Cluster-Fork runs a command on compute nodes of your cluster.
Often we want to execute parallel jobs consisting of standard UNIX commands. By "parallel" we mean the same command runs on multiple nodes of the cluster. We use these simple parallel jobs to move files, to run small tests, and to perform various administrative tasks.
Rocks provides a simple tool for this purpose called cluster-fork. For example, to list all your processes on the compute nodes of the cluster:
$ cluster-fork ps -U$USER |
By default, cluster-fork uses a simple series of ssh connections to launch the task serially on every compute node in the cluster. Cluster-fork is smart enough to ignore dead nodes. Usually the job is "blocking": cluster-fork waits for the job to start on one node before moving to the next. By using the --bg flag you can instruct cluster-fork to start the jobs in the background. This corresponds to the "-f" ssh flag.

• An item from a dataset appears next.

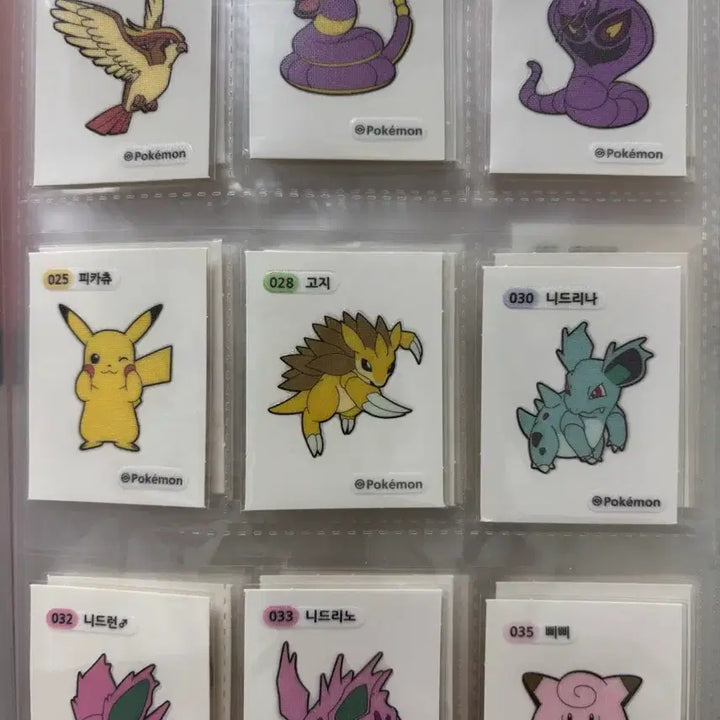 [BUNJANG] Pokemon Stickers 1st Generation Bundle Set / 포켓몬띠부씰 1세대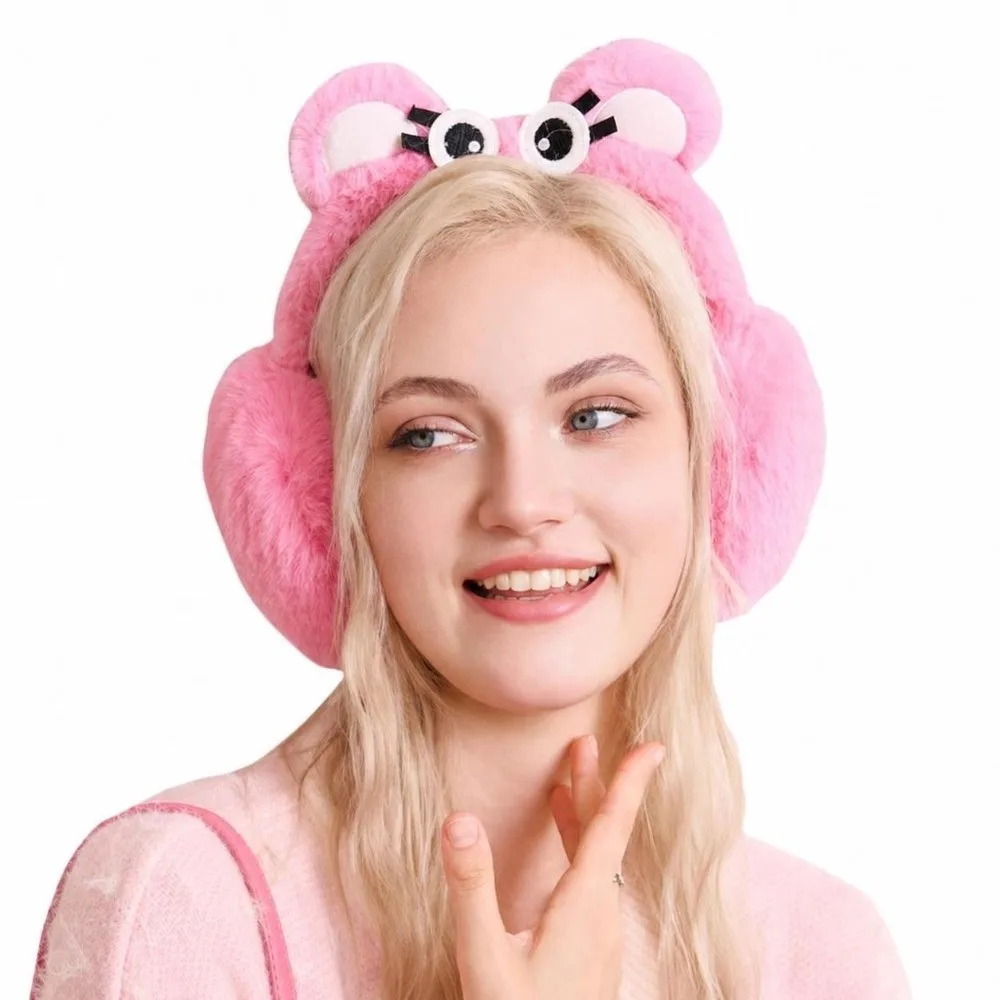 Soft Faux Fur Earmuffs Windproof Thermal Lining Cartoon Ear Covers Kawaii Elastic Headband Faux Fur Ear Warmers Winter Outdoor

$ cluster-fork --bg hostname |
Often you wish to name the nodes your job is started on. This can be done by using an SQL statement or by specifying the nodes using a special shorthand.
The first method of naming nodes uses the SQL database on the frontend. We need an SQL statement that returns a column of node names. For example, to run a command on compute nodes in the first rack of your cluster exectute:
$ cluster-fork --query="select name from nodes where name like 'compute-1-%'" [cmd] |
The next method of requires us to explicitly name each node. When launching a job on many nodes of a large cluster this often becomes cumbersome. We provide a special shorthand to help with this task. This shorthand, borrowed from the MPD job launcher, allows us to specify large ranges of nodes quickly and concisely.
The shorthand is based on similarly-named nodes and uses the --nodes option. To specify a node range compute-0-0 compute-0-1 compute-0-2, we write --nodes=compute-0-%d:0-2. This scheme works best when the names share a common prefix, and the variables between names are numeric. Rocks compute nodes are named with such a convention.
Other shorthand examples:
Discontinuous ranges:
compute-0-%d:0,2-3 --> compute-0-0 compute-0-2 compute-0-3
Multiple elements:
compute-0-%d:0-1 compute-1-%d:0-1 --> compute-0-0 compute-0-1 compute-1-0 compute-1-1
Factoring out duplicates:
2*compute-0-%d:0-1 compute-0-%d:2-2 --> compute-0-0 compute-0-0 compute-0-1 compute-0-1 compute-0-2
$ cluster-fork --nodes="compute-2-%d:0-32 compute-3-%d:0-32" ps -U$USER |
The previous example lists the processes for the current user on 64 nodes in racks two and three.